Published: 16 Nov 2024, Last Modified: 26 Nov 2024LoG 2024 PosterEveryoneRevisionsBibTeXCC BY 4.0
Keywords: graph neural networks, dynamic graph, higher order network, time series data, temporal network, random graph ensembles
Abstract: The modelling of temporal patterns in dynamic graphs is an important current research issue in the development of time-aware Graph Neural Networks (GNNs). However, whether or not a specific sequence of events in a temporal graph constitutes a temporal pattern not only depends on the frequency of its occurrence. We must also consider whether it deviates from what is expected in a temporal graph where timestamps are randomly shuffled. While accounting for such a random baseline is important to model temporal patterns, it has mostly been ignored by current temporal graph neural networks.
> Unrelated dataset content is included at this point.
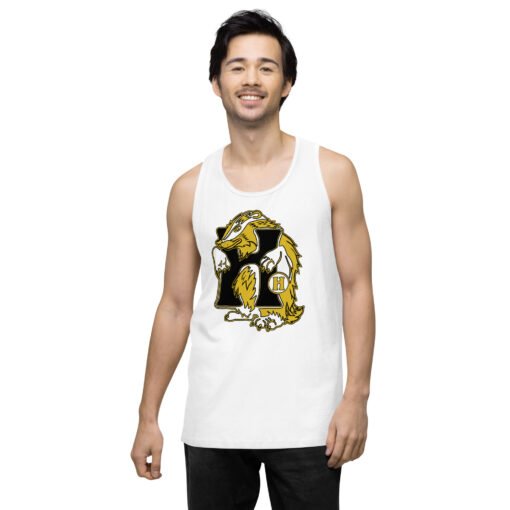 🦡💛 House of Badger Men’s Premium Tank Top – Strength, Loyalty, and Laid-Back Style - Image 8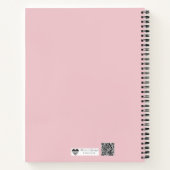 Lace Petals in Bloom Notizblock (Rückseite)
To address this issue we propose HYPA-DBGNN, a novel two-step approach that combines (i) the inference of anomalous sequential patterns in time series data on graphs based on a statistically principled null model, with (ii) a neural message passing approach that utilizes a higher-order De Bruijn graph whose edges capture overrepresented sequential patterns. Our method leverages hypergeometric graph ensembles to identify anomalous edges within both first- and higher-order De Bruijn graphs, which encode the temporal ordering of events. Consequently, the model introduces an inductive bias that enhances model interpretability and leads to improved performance.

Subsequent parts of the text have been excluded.